─── SUPPLIED RECORDS ───

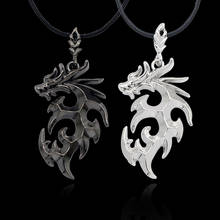 Colar masculino estilo chinês, pingentes de dragão coloridos pretos, jóias masculinas, gargantilha, drop shipping 2024 - compre barato
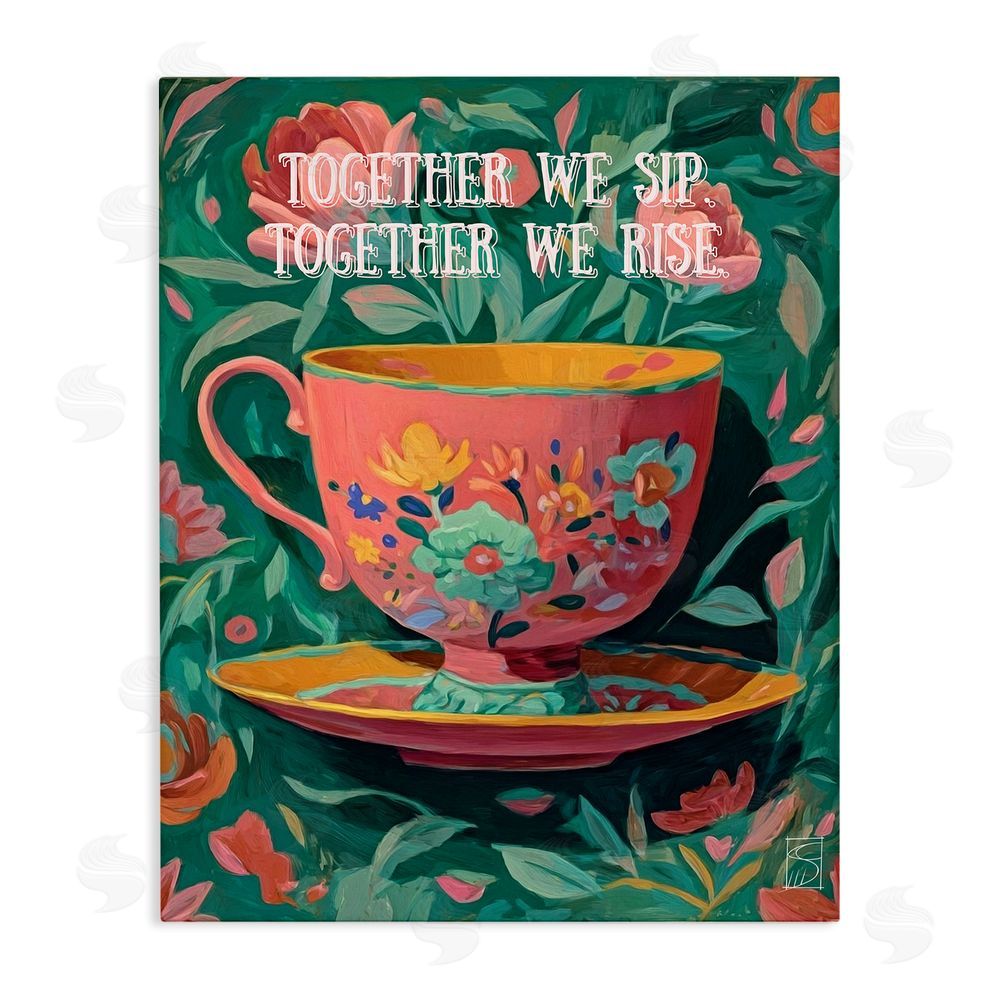 Sara Culpepper Together We Sip & Rise Stretched Canvas Wall Art Print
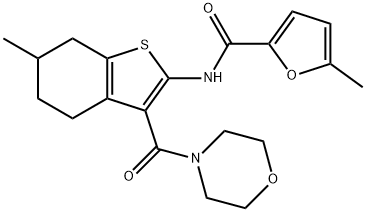 5-methyl-N-[6-methyl-3-(morpholine-4-carbonyl)-4,5,6,7-tetrahydro-1-benzothiophen-2-yl]furan-2-carboxamide Struktur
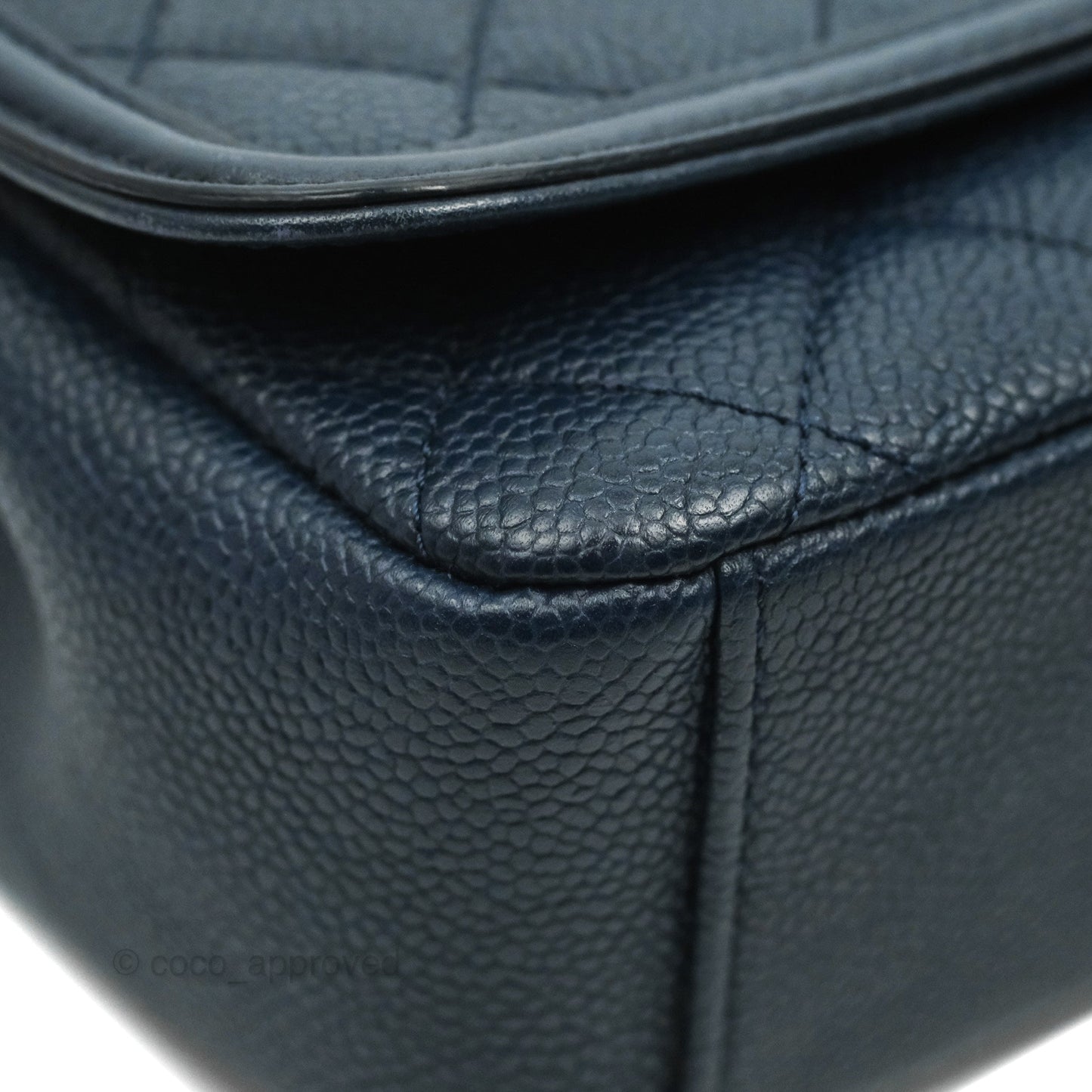 Chanel Quilted Medium CC Filigree Flap Navy Caviar Aged Gold Hardware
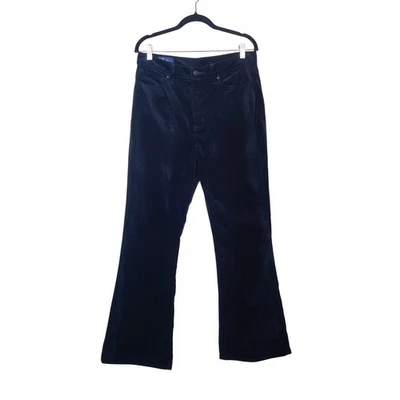 Pantalones retro Gap Denim tiro alto años 70 acampanados terciopelo negro 12 31R Boho Y2K Foto 1 de 4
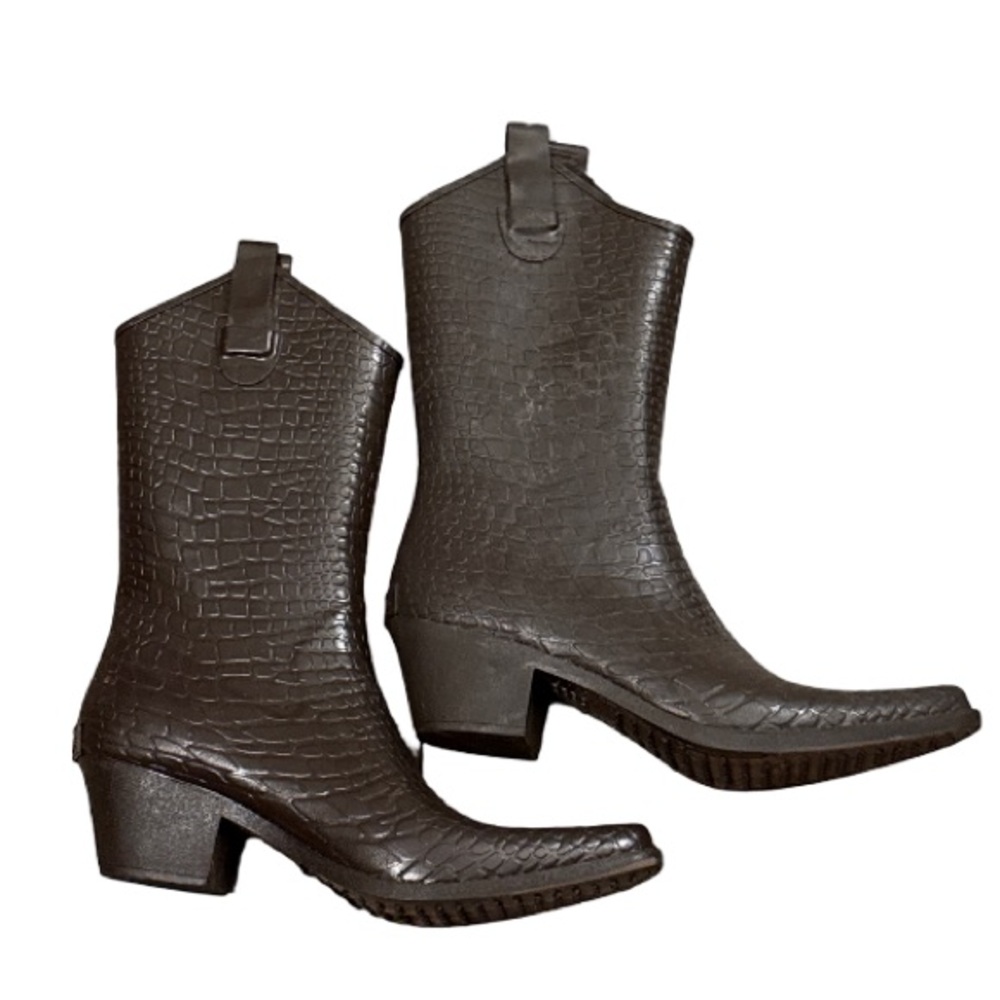 Corkys Dark Brown Faux Crocodile-Embossed Rain Boots size 11 euro 44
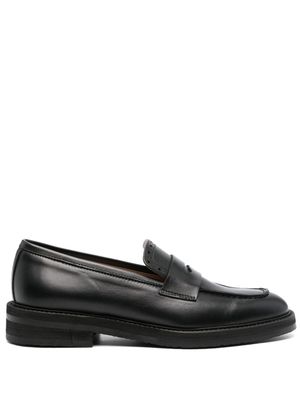 Pollini almond-toe leather loafers - Black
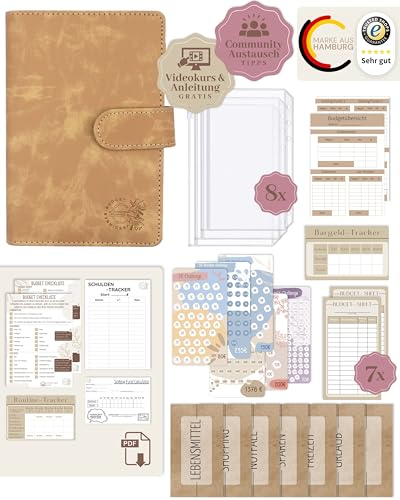 BeginnerBudget® Budget Planner Deutsch - Starterset mit Sparchallenge Budgetplaner - Sparen mit Umschlagmethode + Anleitung - Ringbuch A6 - Binder A6 Wildleder-Style (Beige)
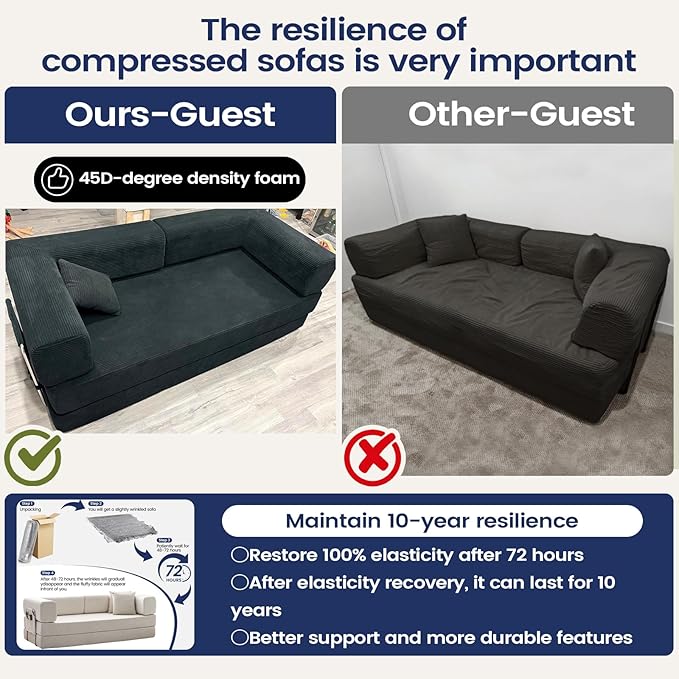Folding Sofa Bed Convertable Corduroy Couch King Size Floor Sleeper 4-in-1 DIY Combination Modular Sofa Fold Out Futon Lounge Comfy Foldable Lazy cama for Living Room (Blue 80.15)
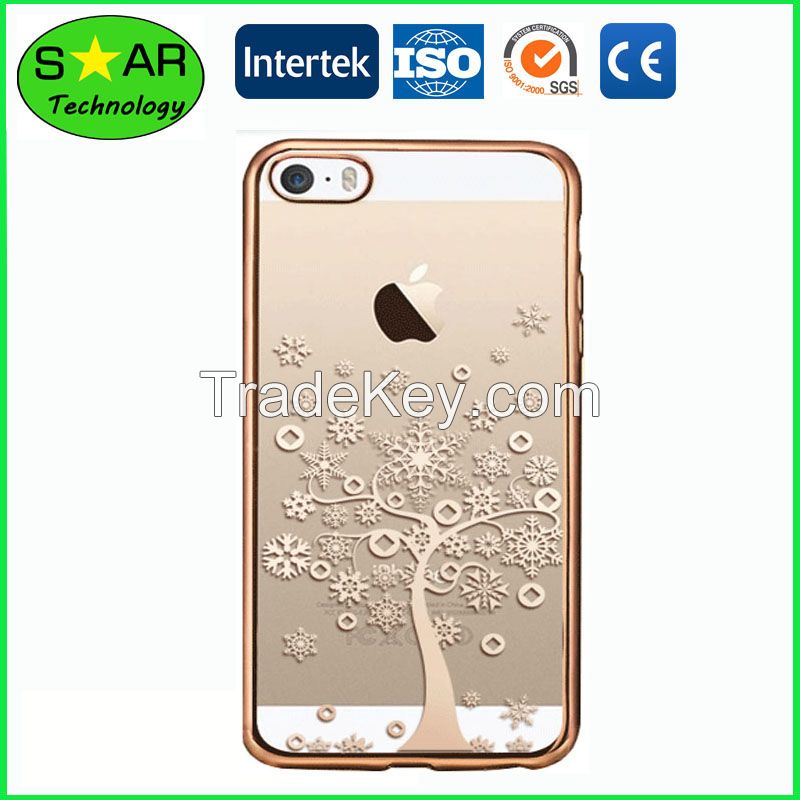 TPU Phone Case With Flowers Electroplating Fashion Case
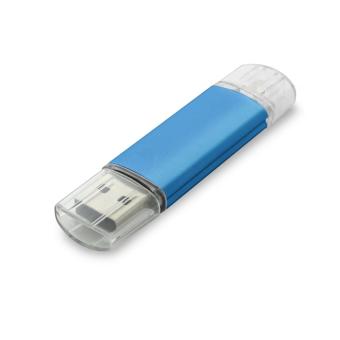 USB Stick Simply Duo Blau | 128 MB
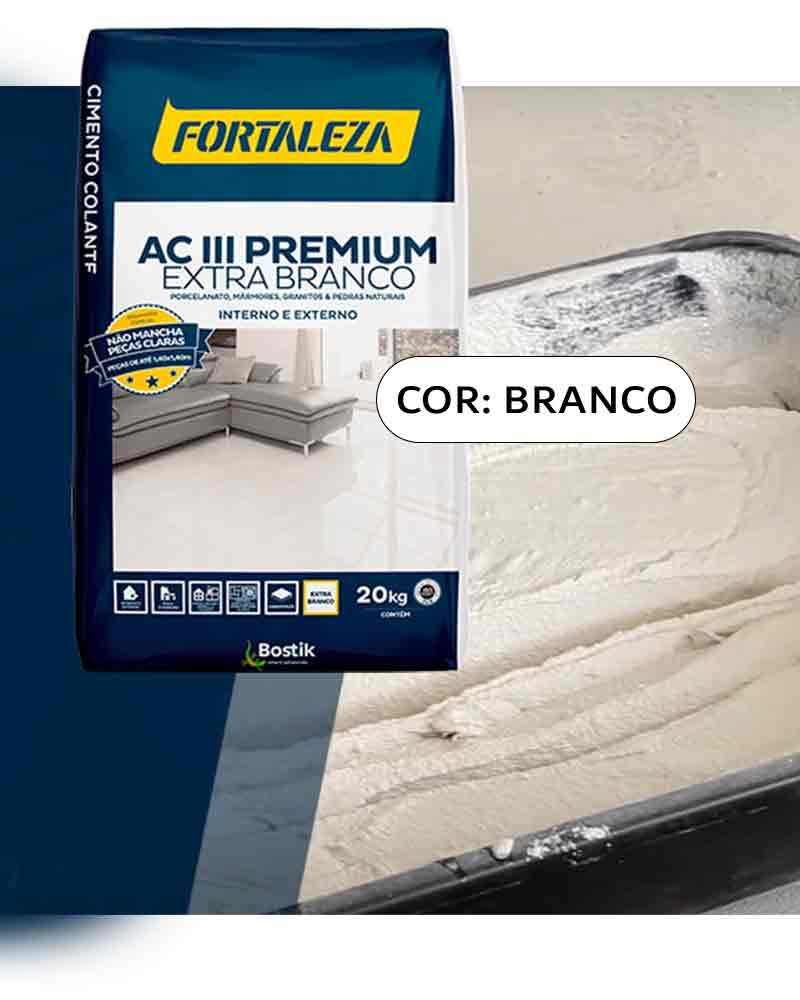 Argamassa AC III FlexPremium 20KG Branca Fortaleza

───

An exact transcription is needed of the lines from the one with "Sara Culpepper Together" to the one with "BeginnerBudget® Budget Planner" above, both ends included, with pictures left out.

→ REPLY TO THE TASK:
 Sara Culpepper Together We Sip & Rise Stretched Canvas Wall Art Print
 5-methyl-N-[6-methyl-3-(morpholine-4-carbonyl)-4,5,6,7-tetrahydro-1-benzothiophen-2-yl]furan-2-carboxamide Struktur
 Chanel Quilted Medium CC Filigree Flap Navy Caviar Aged Gold Hardware
 Pantalones retro Gap Denim tiro alto años 70 acampanados terciopelo negro 12 31R Boho Y2K Foto 1 de 4
 Corkys Dark Brown Faux Crocodile-Embossed Rain Boots size 11 euro 44
 Pollini almond-toe leather loafers - Black
 BeginnerBudget® Budget Planner Deutsch - Starterset mit Sparchallenge Budgetplaner - Sparen mit Umschlagmethode + Anleitung - Ringbuch A6 - Binder A6 Wildleder-Style (Beige)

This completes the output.